Un día, acudí a mi padre con uno de mis muchos problemas de entonces. Me contestó, como Cristo a sus discípulos, con una parábola: "Hijo, ya no eres una simple y endeble rama; has crecido y te has trasformado en un árbol en cuyo tronco un tierno follaje empieza a florecer. Tienes que darle vida a esas ramas. Debes ser fuerte, para que ni el agua, ni el día, ni los vientos te derriben. Debes crecer, como los de tu especie, hacia arriba. Algún día, vendrá alguién a arrancarte parte de ti, parte de tu follaje. Quizás sentirás tu tronco desnudo, más piensa que esas podas siempre serán benéficas, tal vez necesarias, para darte forma, para fortalecer tu tronco y afirmar tus raíces.
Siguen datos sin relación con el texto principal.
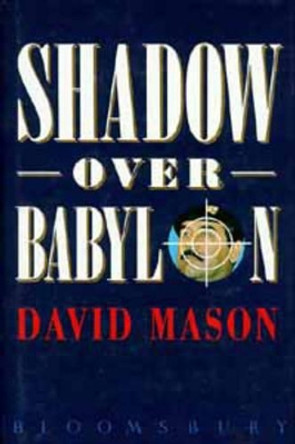 Shadow Over Babylon by David Mason 9780747514824 [USED COPY]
Jamás lamente las adversidades, sigue creciendo, y cuando te sientas más indefenso, cuando el invierno haya sido crudo, recuerda que siempre llegará una primavera que te hará florecer. Trata de ser como el roble, no como un "bonsai".
Ahora quisiera tener a mi padre conmigo, y darle las gracias por haber nacido, por haber sido, por haber triunfado, por haber fracasado. Si acaso ahora estuviera mi padre conmigo, le agradecería emocionado su preocupación por mí, sus tiernas caricias, escasas, pero que tanto me ayudaron. si tuviera a mi padre conmigo, le agradecería sus sabias riñas, sus muchos consejos y los grandes valores que sembró en mí. Si acaso mi padre estuviera conmigo, podríamos charlar, como antaño ocurrió, de cuando me hablaba de aquello del árbol, que debe ser fuerte y saber resistir, prodigar sus frutos, ofrecer su sombra, cubrir sus heridas, forjar sus firmezas... y siempre resistir. Y seguiré luchando, perdonando, olvidando. Le diría ¡gracias!, pues de él nací.